Y, al final, la traición de Abimelec no solo fue contra su familia, sino contra el mismo pueblo que lo había elevado. Jotam, el único superviviente, se irguió sobre el monte Gerizim y desde allí, su voz resonó como un trueno profético. No les contó un cuento de terror, sino una fábula que era la verdad desnuda de su futuro. Les habló del olivo, de la higuera, de la vid, todos rehusando el trono para seguir dando fruto y bendición. Finalmente, el espino, la zarza, el parásito de la tierra, aceptó ser rey. Y en esa fábula, que en realidad era una profecía, les reveló que el hombre que habían elegido, el que solo podía ofrecerles sombra para el fuego, se convertiría en su propia desgracia, que el espino que habían coronado solo podía darles fuego. Se habían entregado voluntariamente a la destrucción, con la certeza de que su propia elección sería el castigo que les llegaría. Se volvieron culpables de su propio infortunio. La historia nos muestra a diario políticos así, hombres y mujeres que con sus mentiras y promesas vanas suben al poder, solo para convertirse en una amenaza para los mismos que los votaron. Y en el acto de no votar o de votar por tales hombres, la culpa recae, en última instancia, en nosotros, en la ceguera de nuestra fe en hombres que no dan fruto, en nuestra disposición a arder bajo la sombra de la zarza.
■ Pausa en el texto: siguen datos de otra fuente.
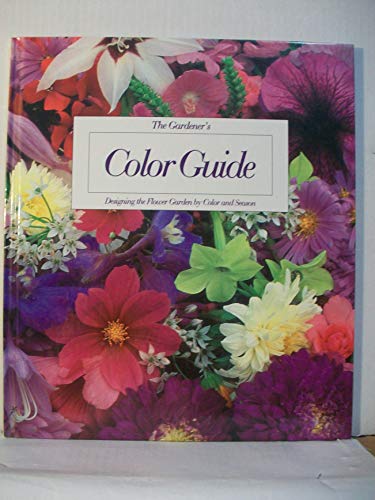 9780921820673: Gardeners Color Guide: Designing the Flower Garden by Color and Season
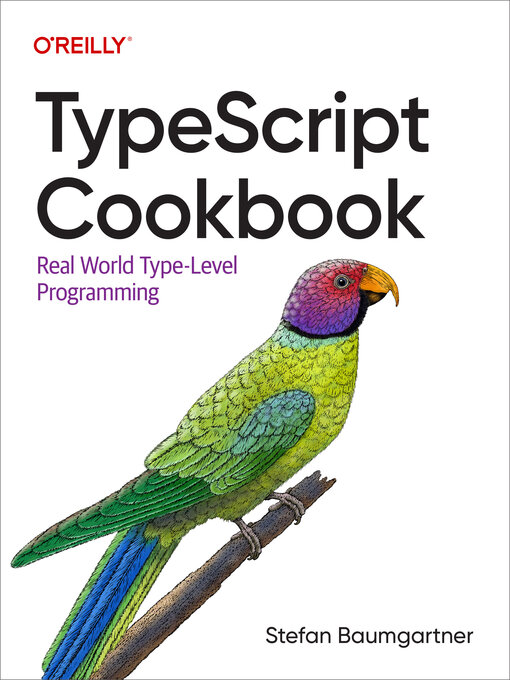 Title details for TypeScript Cookbook by Stefan Baumgartner - Wait list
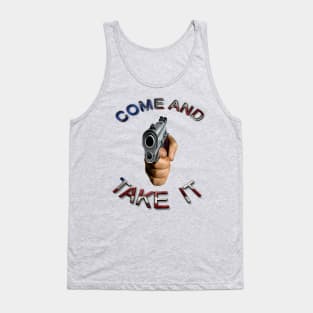 Come and Take It Gun Weapon 2nd Amendment Tank Top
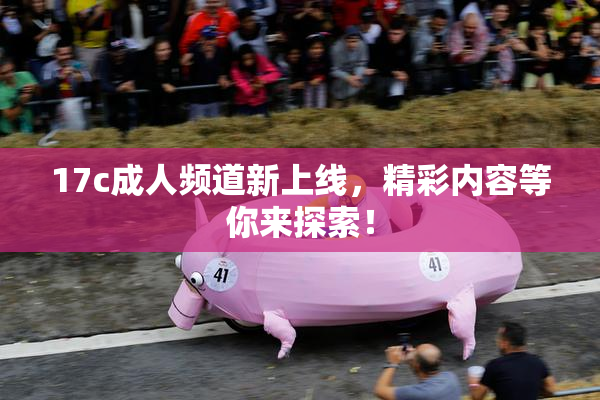 17c成人频道新上线，精彩内容等你来探索！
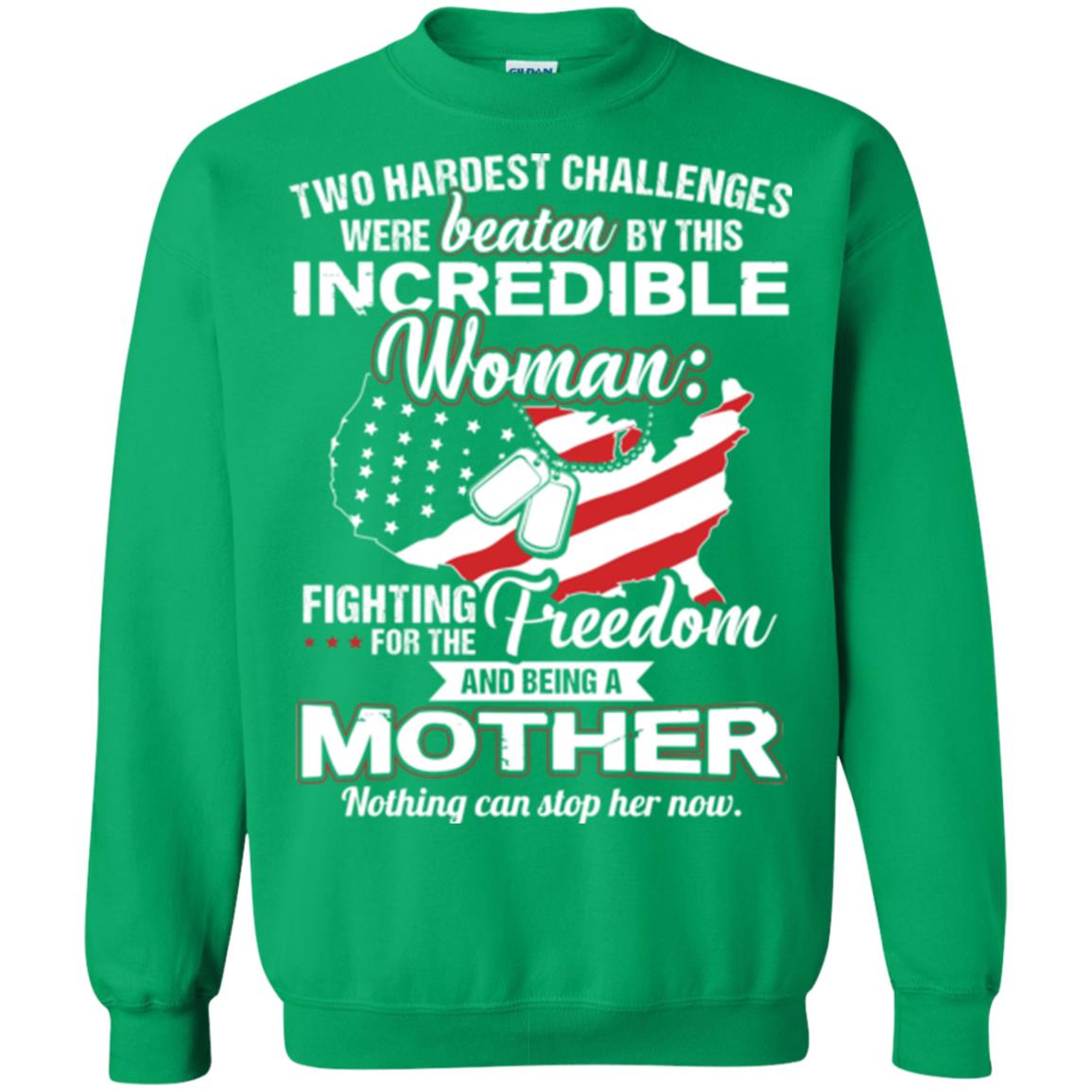 Incrediable Woman Fighting For The Freedom And Being A Mother Military Shirt Irish Green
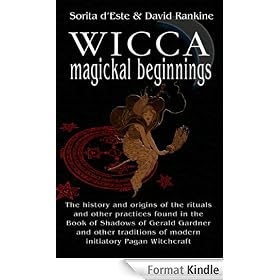 Wicca Magical Beginnings - The history and origins of the rituals and other practices found in the Book of Shadows of Gerald Gardner and other traditions of modern initiatory Pagan Witchcraft
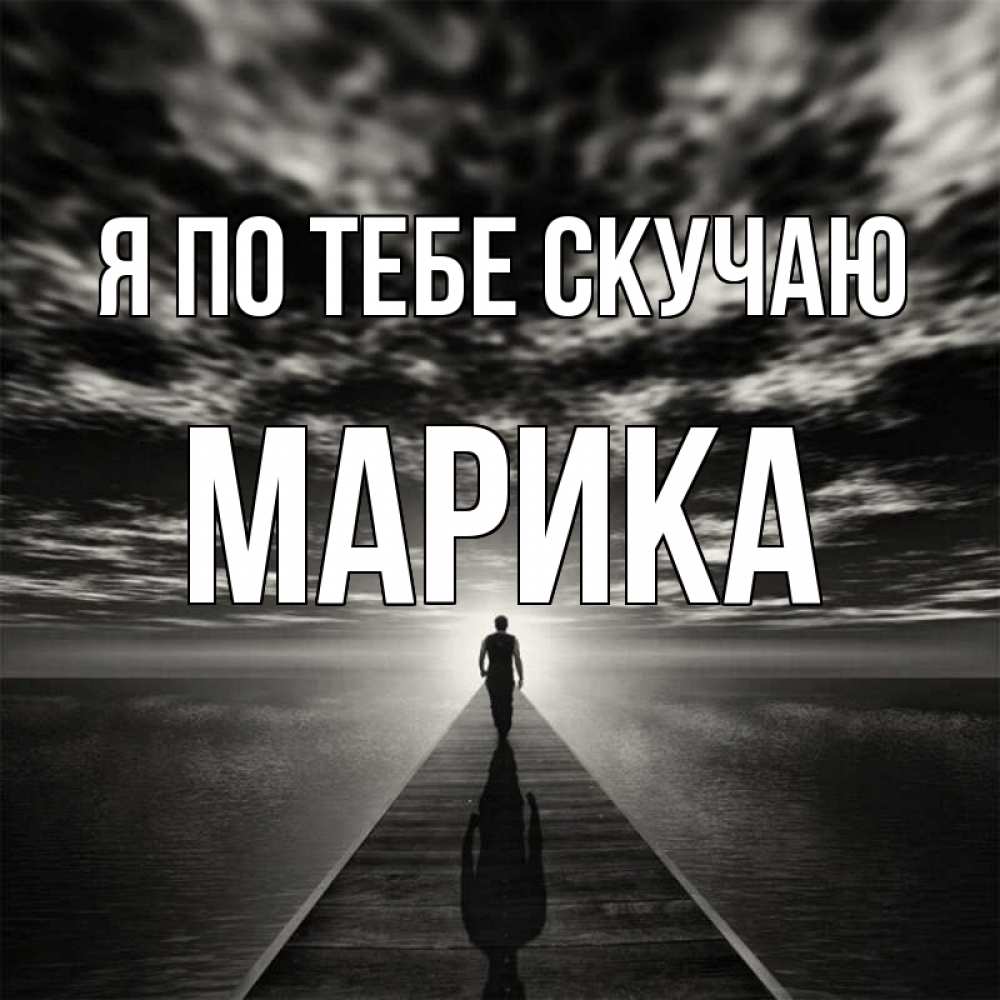 Открытка на каждый день с именем, Марика Я по тебе скучаю к тебе Прикольная открытка с пожеланием онлайн скачать бесплатно 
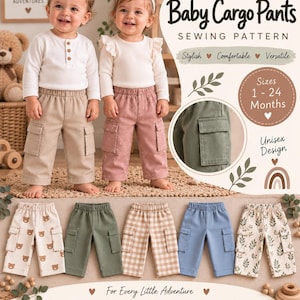 May include: A sewing pattern for baby cargo pants featuring text Baby Cargo Pants SEWING PATTERN and Sizes 1 - 24 Months. The image displays two children wearing beige and pink cargo pants, with five additional pant variations below.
Así, la historia de Abimelec es más que un simple relato antiguo. Es una advertencia eterna, un espejo en el que podemos ver reflejados nuestros propios errores y ceguera. Nos enseña que la manipulación es el veneno de la política, que el dinero malversado es la herramienta del déspota, que la falta de respeto por la vida es la marca de un corazón vacío, y que un mal líder es, en última instancia, un peligro para su propio pueblo. La lección de Siquem resuena a través de los siglos, recordándonos que la sabiduría y el discernimiento espiritual son los únicos escudos contra la tiranía, la única luz que puede disipar la oscuridad del engaño político. Y que la responsabilidad de elegir, con la vista fija en la verdad, es un peso que cada uno de nosotros debe cargar.